Thus, we can state that the processes, reformatting the Middle East, have reached closely to the borders of the Caucasus and Armenian states, and they are ready to break through the regional borders, that is so poriferous now. The Caucasus is becoming an important element of the geopolitical contention, spreading all over the Eurasian space, which makes us more carefully treat the problem of the Artsakh settlement not just in the context of the South Caucasus, but rather the Greater Caucasus. The Caucasus is shaping the multifaceted and controversial reality, for which the Persian, Ottoman and Russian empires were in the traditional competition. The British Empire joined that struggle within the frameworks of the Big Game in late 1800s- early 1900s. The disintegration of the Soviet Union exposed the Caucasus to new actors, i.e. the United States of America and the states of the South Caucasus, in addition to the traditional ones. The struggle for the Caucasus in the 21st century is becoming more complicated, as far as the number of actors has been increased, just as the areas, where their contention is in progress. In the past it was a struggle between the empires, but today, we can mention at least three arenas.
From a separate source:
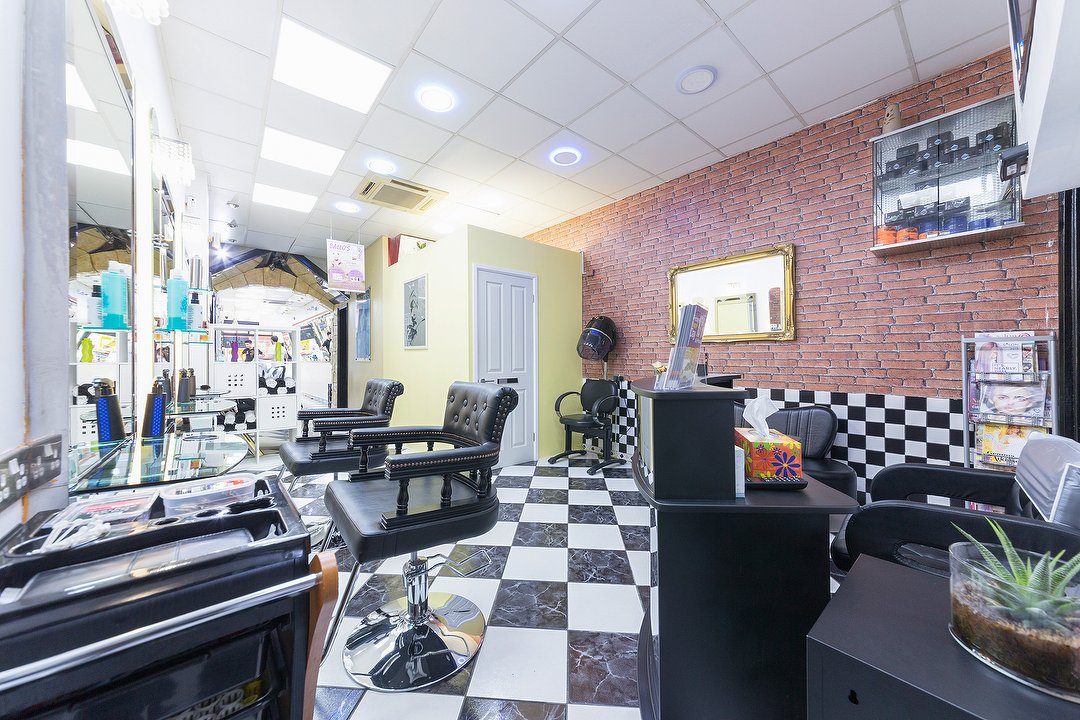 Ballo's Ladies Hair Design, Harrow, London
The first, local arena is the recognized and non-recognized states of the South Caucasus, as well as the state entities of the North Caucasian peoples, struggling for the national interests. The second, regional arena is where the successors of the traditional empires, i.e. Russia, Turkey and Iran, compete with each other. And the third one, the global or geopolitical arena, where the geopolitical centers of power (first of all, Russia and USA, and indirectly EU and China) are available. It is necessary to note that the Caucasus for the other geopolitical actors and, first of the West, is an area for projecting their military and political power, and they can let themselves some indifference and detachment from the fates of the local peoples, but as for Russia it lacks such an opportunity, so it should conduct a more complicated and nuanced policy. The Caucasus is an area, through which the communications, providing the access to the critically important resources of the Caspian and Eurasia as a whole, are lying. So the main geopolitical function of the Caucasus is to be a connecting link between the East and West, North and South, and maintaining such a function creates the main geopolitical problems.
The first and traditional geopolitical problem of the Caucasus is the energy resources of the Caspian and the Central Asia. The system of gas and oil pipelines, created within the Soviet Union, firmly “locked” the new Eurasian states and let Russia keep the control over the energy resources of Eurasia in the post-Soviet period. But when Baku-Ceyhan oil pipeline appeared, it broke down Russia’s monopoly in such an important sphere. Today new projects are discussed and designed consolidate that breakthrough.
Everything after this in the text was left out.